I designed the website www.exstrange.com in full.
In a nutshell, #exstrange is a project by Rebekah Modrak and Marialaura Ghidini. They invited several artists to post artwork to ebay, using images, price, category, project description, and any other options on ebay to create layers of meaning surrounding their pieces. I had the opportunity to design their website, which plays an integral role in the project because it acts as a server to host all of the art and connect and organizes the pieces.
Step one to designing was, as always, understanding the project.

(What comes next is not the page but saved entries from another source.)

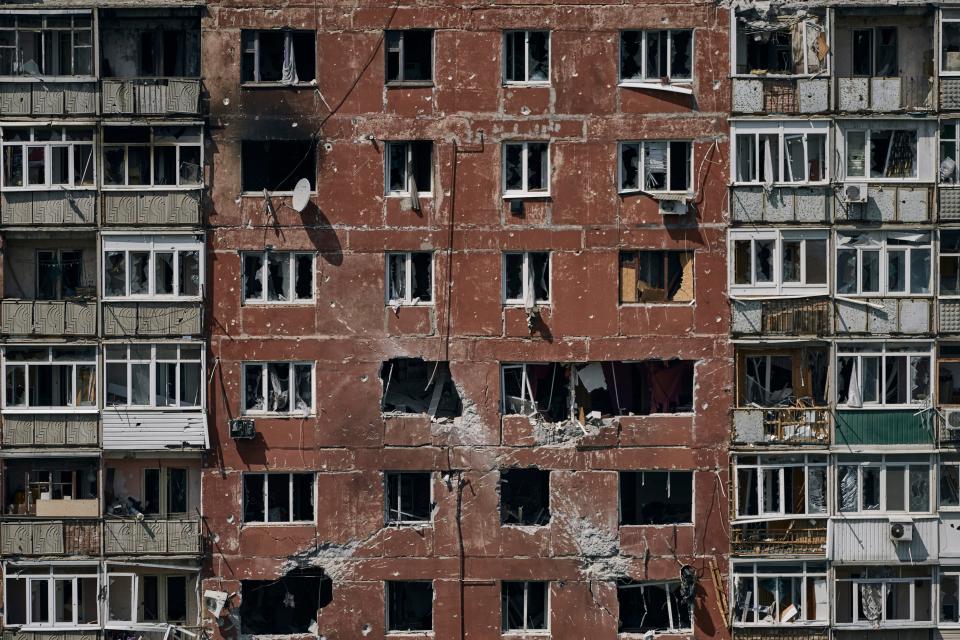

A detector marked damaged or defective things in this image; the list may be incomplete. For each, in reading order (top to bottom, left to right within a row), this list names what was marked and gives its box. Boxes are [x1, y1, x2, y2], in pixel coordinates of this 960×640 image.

broken window [0, 13, 93, 75]
broken window [240, 29, 316, 84]
broken window [388, 29, 436, 84]
broken window [502, 30, 548, 83]
broken window [620, 29, 692, 82]
broken window [852, 27, 896, 77]
broken window [1, 126, 94, 189]
broken window [102, 126, 202, 188]
broken window [242, 139, 316, 191]
broken window [384, 142, 434, 195]
broken window [502, 142, 548, 195]
broken window [620, 143, 692, 195]
broken window [736, 124, 824, 185]
broken window [36, 249, 84, 302]
broken window [103, 235, 202, 300]
broken window [244, 251, 316, 304]
broken window [386, 252, 432, 304]
broken window [502, 251, 548, 306]
broken window [624, 250, 688, 302]
damaged apartment building [0, 0, 209, 636]
damaged apartment building [732, 3, 960, 640]
broken window [2, 348, 95, 408]
broken window [106, 344, 202, 410]
broken window [242, 362, 314, 412]
broken window [378, 358, 462, 418]
burned window opening [378, 358, 462, 418]
broken window [242, 472, 314, 524]
broken window [384, 472, 434, 524]
broken window [498, 470, 552, 524]
burned window opening [498, 470, 552, 524]
broken window [624, 470, 688, 524]
burned window opening [620, 470, 692, 524]
broken window [736, 452, 832, 516]
broken window [836, 456, 932, 516]
broken window [238, 568, 332, 636]
burned window opening [238, 568, 332, 636]
broken window [388, 584, 436, 632]
broken window [502, 584, 548, 632]
broken window [620, 584, 692, 632]
broken window [732, 560, 828, 624]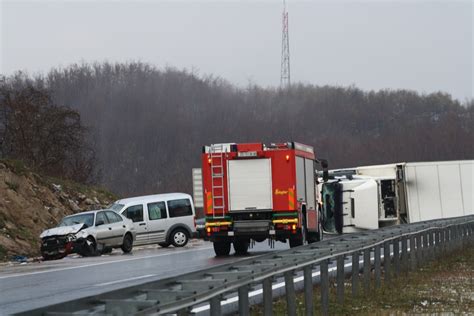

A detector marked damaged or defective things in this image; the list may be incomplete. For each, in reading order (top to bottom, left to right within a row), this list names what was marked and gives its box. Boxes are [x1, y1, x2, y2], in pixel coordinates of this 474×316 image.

damaged silver car [39, 210, 136, 260]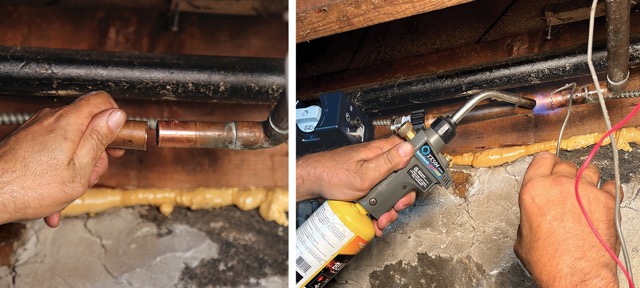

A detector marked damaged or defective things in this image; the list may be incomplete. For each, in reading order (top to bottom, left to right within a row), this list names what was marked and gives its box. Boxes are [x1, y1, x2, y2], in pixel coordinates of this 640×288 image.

rust stain [452, 170, 472, 199]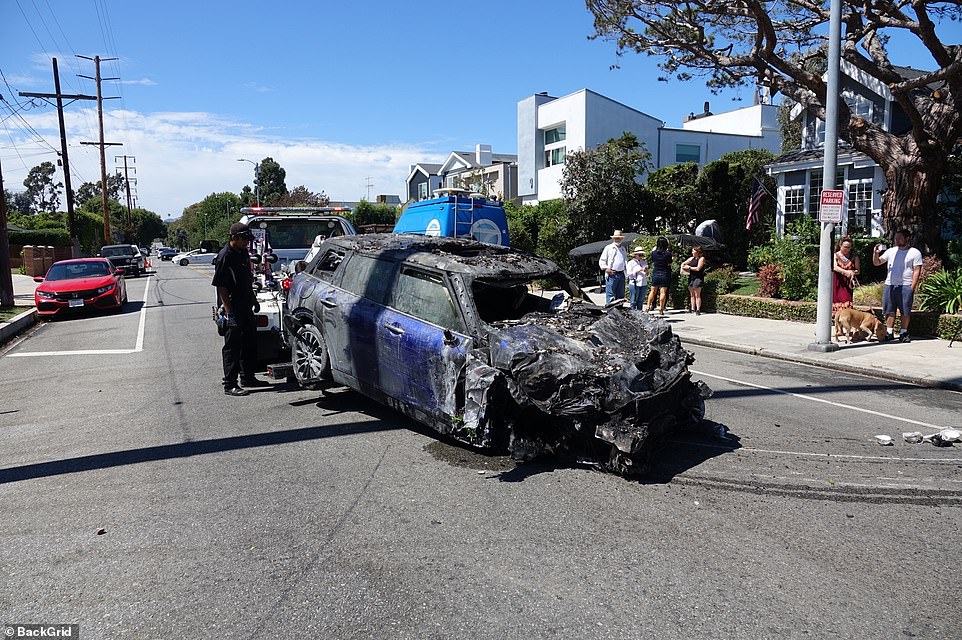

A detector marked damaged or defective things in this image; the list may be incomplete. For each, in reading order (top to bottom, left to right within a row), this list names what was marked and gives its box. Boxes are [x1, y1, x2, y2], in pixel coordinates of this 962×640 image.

Through conversations with Rebekah Modrak, reading their briefs, grants, and project descriptions, I identified the goals of the project as:
-providing an open opportunity for artists of all status and skill to show their work
-providing a democratic space for buying and selling artwork
-breaking down conventions of how artwork is displayed
-breaking down power dynamics of the art world
-appropriating commercial services
-fostering community by providing the opportunity to get to know a stranger intimately
In trying to visualize these goals, I came up with a variety of concepts including
-utopian / dystopian dichotomy
-the distortion of technology
I wanted the site to be separate from modern conventions of clean design but crisp in it’s own right. We also had a very limited amount of time to develop the site, and so I had to keep in mind what was doable in basic html in only a few short weeks. As I built my wireframes, I kept the layout very simple, and allowed small elements to make the design stand out. The angles at the bottom of the text boxes, erratic typefaces in the navigation alluded back to punk rock, while backgrounds and headers allude to glitching (more on this later).
As I got to work visualizing these goals, I found many connections between the project and punk rock of the 1970s – ripe with zine culture and anti-establishment rebellion. Rebekah responded quite positively to this idea, but because the project is heavily internet based I wanted to come up with an idea that brought punk into the 21st century, and incorporate the playfulness Marialaura had expressed interest in.

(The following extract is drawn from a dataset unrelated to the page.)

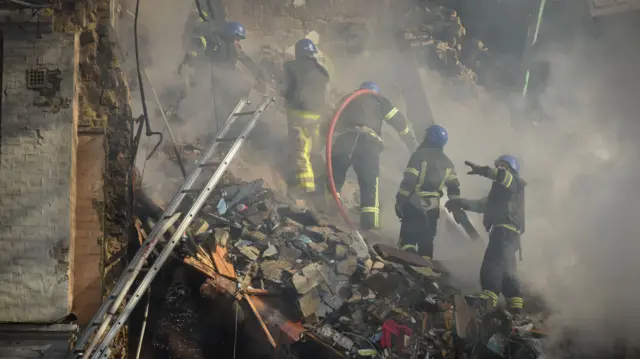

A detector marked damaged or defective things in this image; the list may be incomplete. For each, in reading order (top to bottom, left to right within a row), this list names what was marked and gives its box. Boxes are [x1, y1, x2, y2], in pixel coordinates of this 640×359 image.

damaged brick wall [0, 26, 77, 324]
charred debris [132, 176, 548, 359]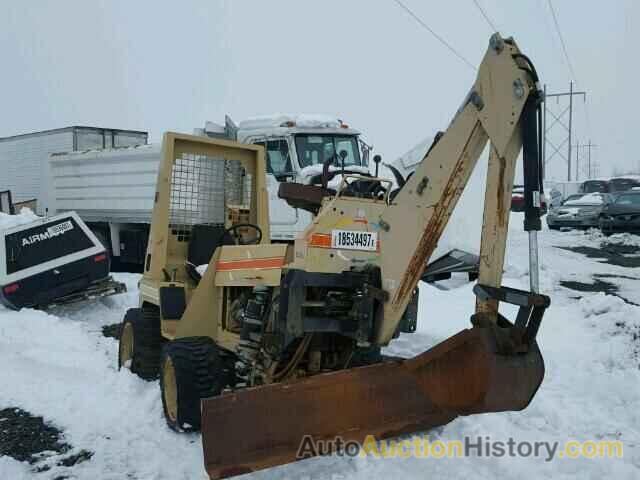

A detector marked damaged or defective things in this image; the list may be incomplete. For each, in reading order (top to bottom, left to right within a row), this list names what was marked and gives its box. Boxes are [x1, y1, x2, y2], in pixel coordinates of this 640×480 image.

rusty front blade [202, 326, 544, 480]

I began experimenting with different backgrounds to take the website out of the traditional “white box gallery” space that most websites allude to (see: this website). I started by using a faded paper to allude to the creation of zines, but it felt antiquated. In an attempt to bring the work to the 21st century, I took photographs of screen distortion, and loved the silvery glow that was both technological and organic at once. That is how I came up with my idea for glitching – are hackers not, after all, the anti-establishment community of the internet age? I then shifted the visual design drastically.